For most folks, a nice hug and some sympathy can help a bit after we get pushed around. Turns out, chimpanzees use hugs and kisses the same way. And it works. Researchers studying people’s closest genetic relatives found that stress was reduced in chimps that were victims of aggression if a third chimp stepped in to offer consolation.
"Consolation usually took the form of a kiss or embrace," said Orlaith Fraser of the Research Centre in Evolutionary Anthropology and Paleoecology at Liverpool John Moores University in England. "This is particularly interesting," she said, because this behaviour is rarely seen other than after a conflict.
"If a kiss was used, the consoler would press his or her open mouth against the recipient’s body, usually on the top of the head or their back.
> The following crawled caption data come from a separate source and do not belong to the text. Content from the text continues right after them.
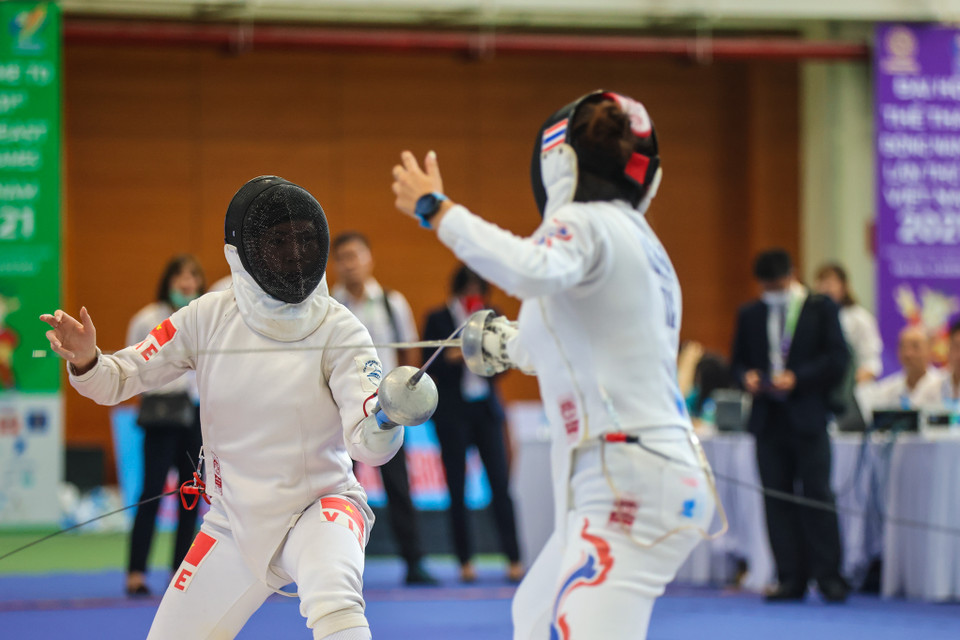 Vũ Thị Hồng giao đấu với kiếm thủ người Thái Lan là Vasanasomsithi Pacharaporn. (Ảnh: Minh Sơn/Vietnam+)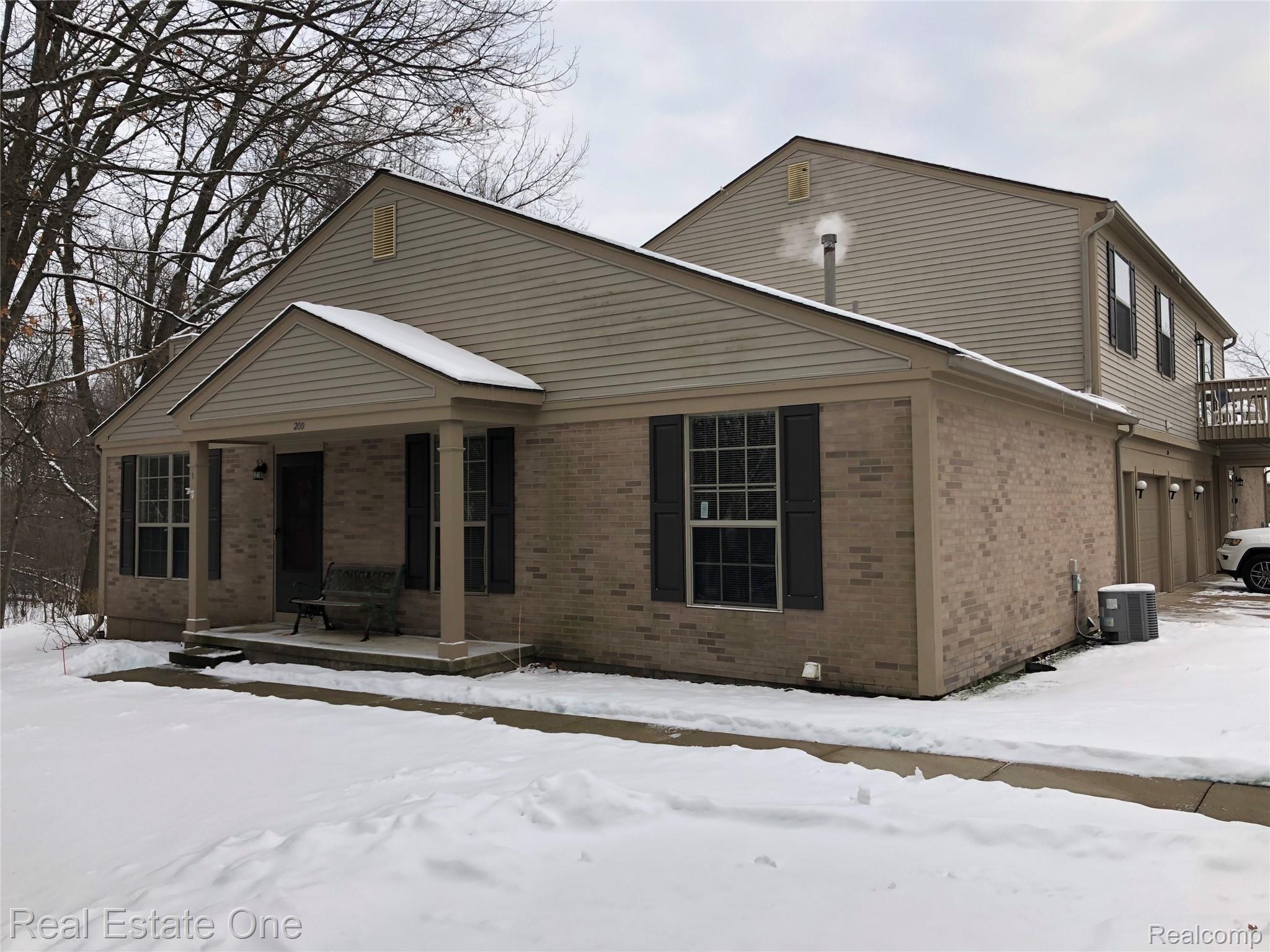 200 Pine Tree Ridge, Unit 1 Waterford, MI 48327 - Photo 1 of 31 IMG_5028 2.jpg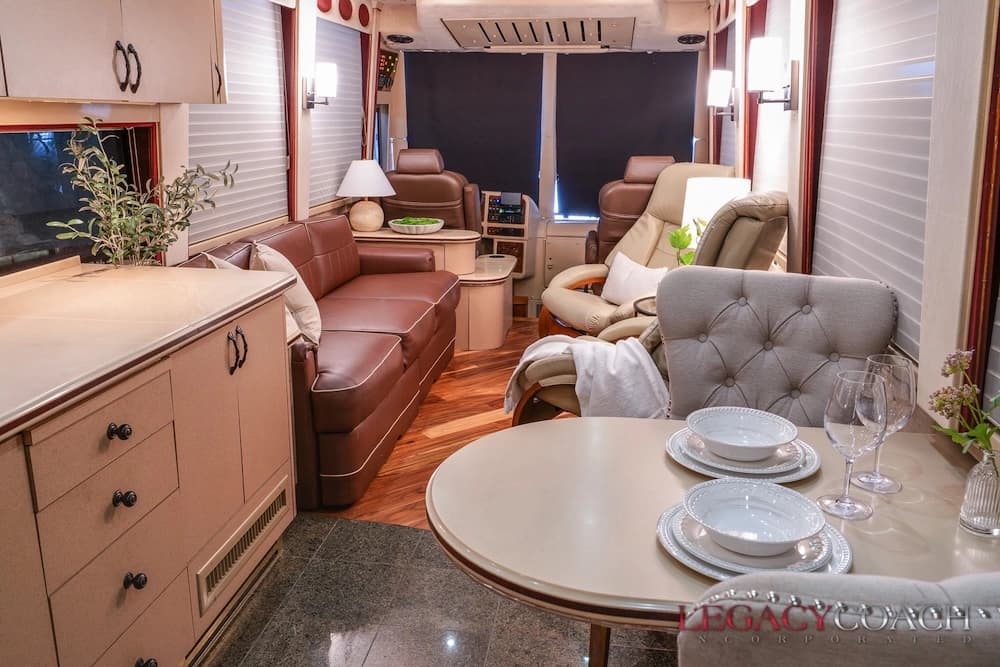 2001 Prevost Country Coach XLII Motorcoach - Image 26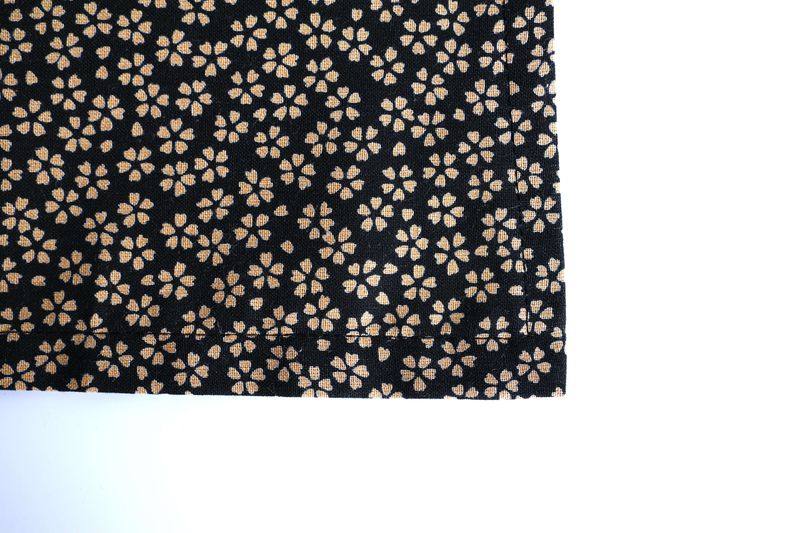 Tea Mat Black Blossom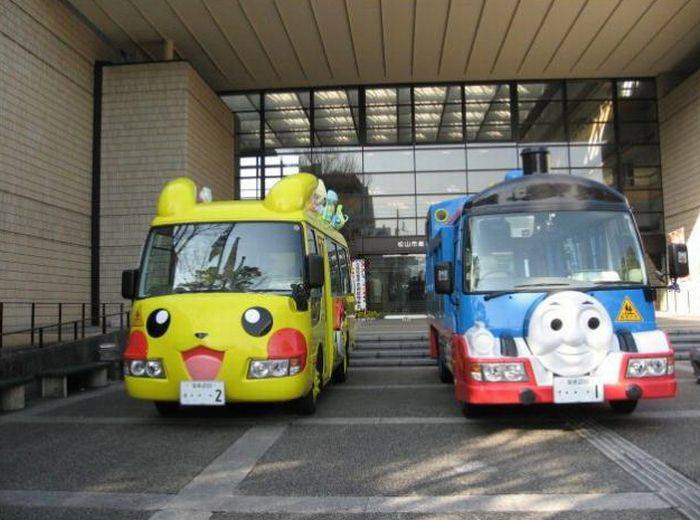Необычные школьные автобусы в Японии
An embrace consisted of the consoler wrapping one or both arms around the recipient."
The result was a reduction of stress behaviour such as scratching or self-grooming by the victim of aggression, Fraser and colleagues report in Proceedings of the National Academy of Sciences.
Frans de Waal of the Yerkes Primate Centre at Emory University in Atlanta said the study is important because it shows the relationship between consolation and stress reduction. Previous researchers have claimed that consolation had no effect on stress, said de Waal, who was not part of Fraser’s research team.
"This study removes doubt that consolation really does what the term suggests: provide relief to distressed parties after conflict. The evidence is compelling and makes it likely that consolation behaviour is an expression of empathy," de Waal said. De Waal suggested that this evidence of empathy in apes is "perhaps equivalent to what in human children is called ’sympathetic concern’."
That behaviour in children includes touching and hugging of distressed family members and "is in fact identical to that of apes, and so the comparison is not far-fetched", he said. While chimps show this empathy, monkeys do not, he added.
There is also suggestive evidence of such behaviour in large-brained birds and dogs, said Fraser, but it has not yet been shown that it reduces stress levels in those animals.